|London Marathon 2009|
At the moment much of that debate focuses on what Government are going to do and what they aren't going to do. Quite right too, but I would argue that Government have responded:
- Announcing plans to guarantee competitive sports in primary schools. This is very positive. But, alongside this Government have to show how sport will fit into the bigger picture - they have to show where the space to provide this is in the National curriculum. They also have to recognise that a regime that only evaluates schools based on academic achievement will never deliver the sort of sporting legacy we need. Ofsted need to focus on how schools are delivering the adults of the future; ones that, yes, have a high level of academic knowledge, but that have a good sense of morals, who contribute to society and who love physical activity. The current OFSTED regime fails in that - a system that looks at academic data and pretty much has its mind made up before it even walks through a school's door is not the right one.
- Announced continued funding for elite sport until 2016. Here they are spot on. Ed Milliband has taken an opportunist stance and suggested that a ten year programme is needed (he really should consider joining the Lib Dems!!). He is wrong, sports organisations need to be challenged, they need to be held accountable for their achievements - a ten year deal will encourage complacency, a four year deal will provide the funding that is needed to move towards Rio in 2016 whilst keep people on their toes.
|The end of the (84 Mile) Dales Way|
However, legacy is not just something for Government to think about - it is for all us both as individuals and parents.
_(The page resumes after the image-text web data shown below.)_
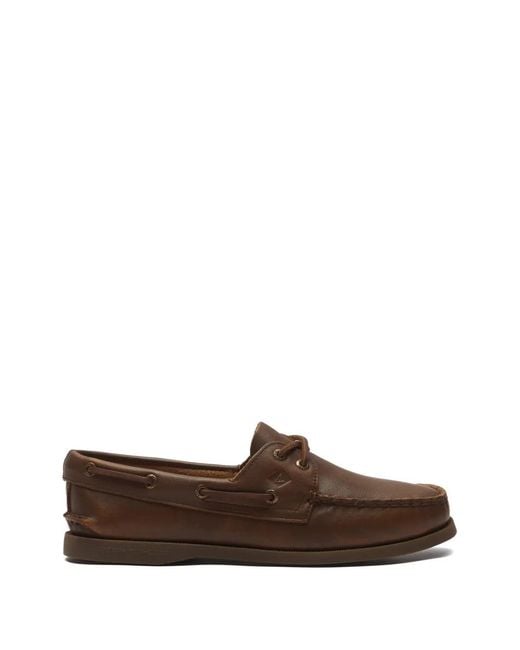 Sperry Top-Sider Brown Authentic Original 2-Eye Lace-Up Loafers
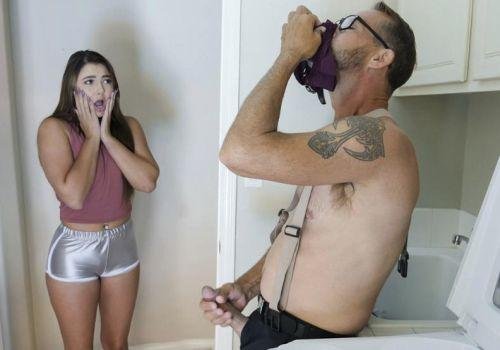 Cha kế cuồng si nội y thiếu nữ, thủ dâm điên loạn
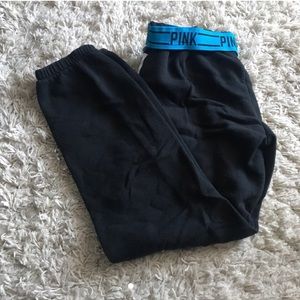 Black sweatpants from PINK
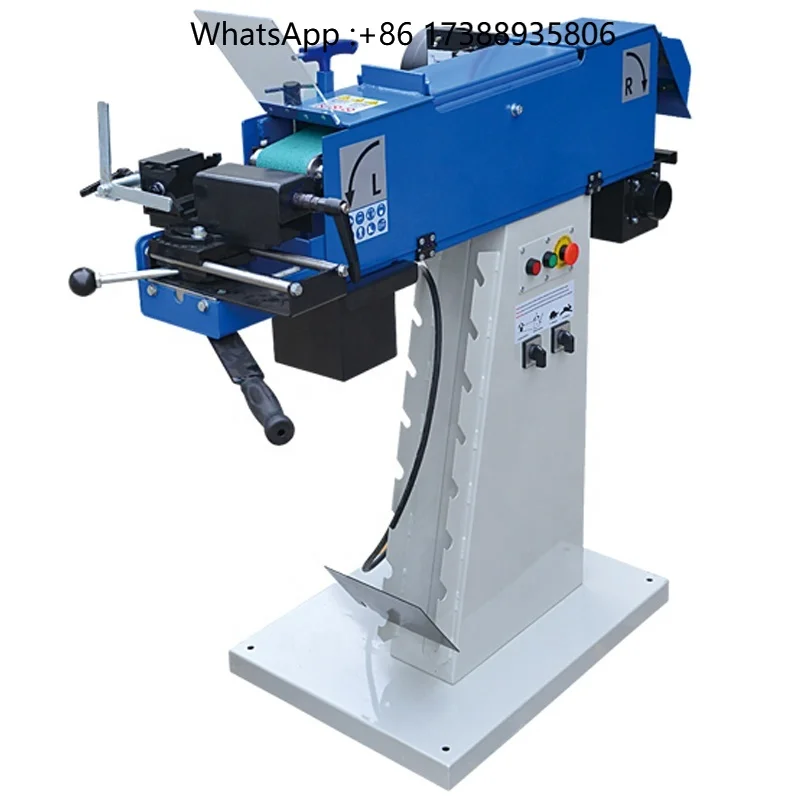 Pipe Notcher Machine - 100x2000mm Belt Sander for Pipe Groove, Metal Tube Notching & Polishing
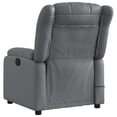 thumbnail image 3 of vidaXL Massage Recliner Chair Gray Faux leather, Metal, Plywood, Foam, 3 of 10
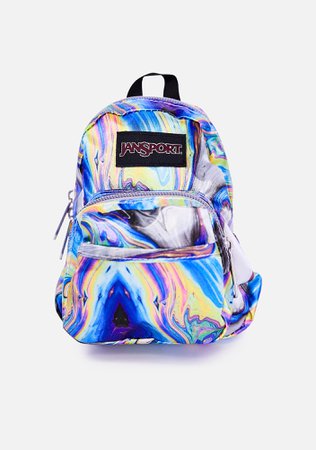 JanSport Oil Swirl Quarter Pint Mini Backpack | Dolls Kill
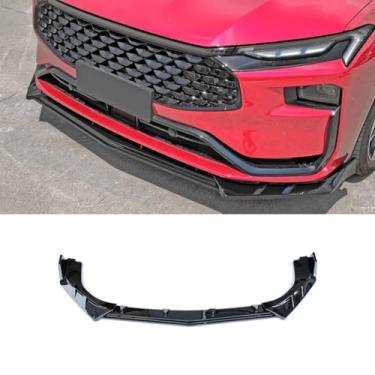 Imagem de Para Mondeo Car Front Bumper Lip Carbon Look Acessórios de carro para Mondeo ST Line 2022 Acessórios de protetor de para-choque (preto brilhante)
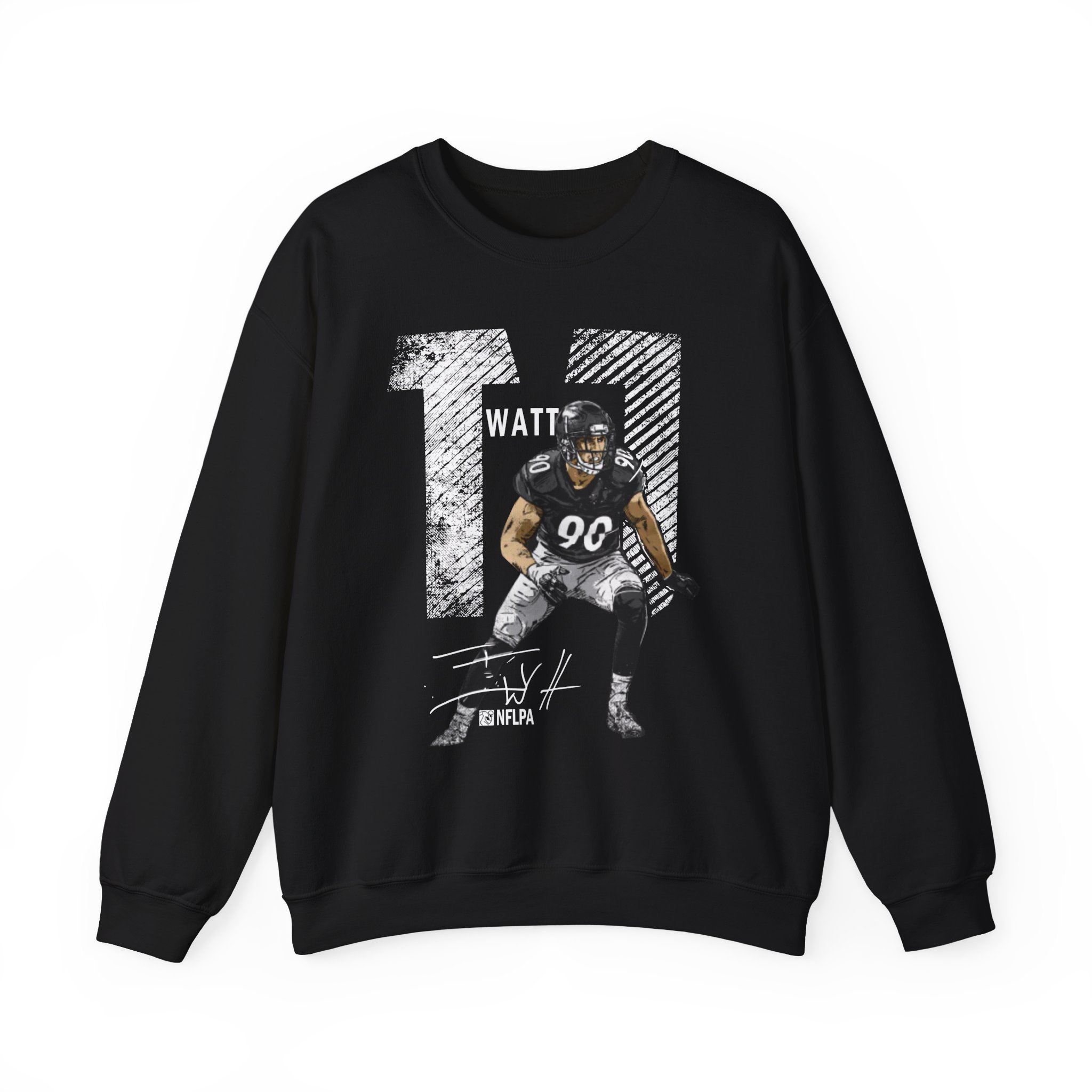 Tj Watt Mega Bold Unisex Heavy Blendâ„¢ Crewneck Sweatshirt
Most of us know we will never be olympic medalists, but we can all aim for our own personal golds. It is something that is very important to me.
|Finishing the Edinburgh Marathon 2012|
That to me is how we should think about what the Olympics mean to us peronally. Of course we also have a responsibility to make sure our children are active and are given the ability to show their potential and to learn to enjoy being active - but what better example can we provide than aspiring for and achieving our own personal Golds - whether it is a 3 mile run or a half marathon, walking 5 miles or 85? I promise, if you do this, you'll feel great about yourself and the feeling of achieving your personal Gold will make it worthwhile.
(Sorry if some of this seems a bit self-indulgent - it seems the best way of getting a message across).